I’m thrilled to report that this year we will be gardening again, after just not being able to get going in time last year.
We live on fill on the side of a rocky hill, so gardening “on the ground” was just not a possibility, so it had to be raised beds. We’ve also noticed that neither of us is getting any younger, so we made the beds 2 feet high. We made them out of 2×12 corrugated roofing panels, reinforced with 2×4 and with a 5/4×6 pt seat on top, which also adds much needed stiffness to the sides. I’m about half finished painting them purple. (Surprise, eh?)
We built four of them, one of which we are using one for a chick brooder. The three that we’re gardening took 15 tons of soil and 2 cubic yards of compost to fill. Our neighbor Nick Plummer came over with a Bobcat and filled them for us. Hooray!
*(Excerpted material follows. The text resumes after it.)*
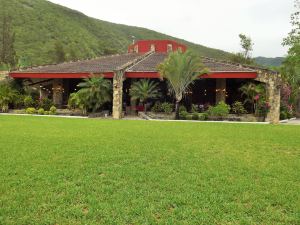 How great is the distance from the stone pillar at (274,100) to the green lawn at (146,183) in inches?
513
This is still a tiny garden of course. We’re planning on at least doubling it next year. I’m hoping to go with wood for the next batch. Even with our own sawmill, the 6x6s we used in New England just aren’t feasible here. However, we have some oak and cedar that we’d like to clear for pasture, and if I start scanning Craigslist in October, I should find some
cheap inexpensive cedar in time for next Spring’s beds. Either way, it will be planks or boards, not timbers.
We drove up to Baker Creek Heirloom seeds a couple of weeks ago and of course bought more than we can use. In New England we could grow cool weather crops all summer. Not so much here. It’s too late for spring broccoli and cabbage from seed, so we’re going to buy a few plants and hope for a main crop in the fall. I filled one bed yesterday yesterday — tomatoes, peppers, peas beans, cukes and scallions, leaving a few square feet nearest the house for herbs. I filled another bed with alliums and carrots and parsnips two weeks ago after the Baker Creek trip. I’ll be putting in okra in some of the remaining bed today, and starting basil in a window box by the door. Lisa wants a few more tomatoes in that last bed too. I lean more toward succession plantings of the stuff that’s already in. Homegrown heirloom tomatoes are wonderful. We can buy local tomatoes for a decent price by the bushel for sauce and freezing, whereas our pickles, both cucumber and okra are not replaceable from the grocery store.
We’ll be going to a farmer’s market in Springfield starting next week, possibly shifting to the one in Branson when it opens in May. I’d be thrilled discover that we can buy veggies to put by for a decent price. There seem to be very few farmstands hereabouts.
Someone posted a lovely picture of downtown Peterborough, NH in a slush storm yesterday. I started to get homesick, then realized it was taken the same weekend I was planting tomatoes. OK, I’m fine with Missouri.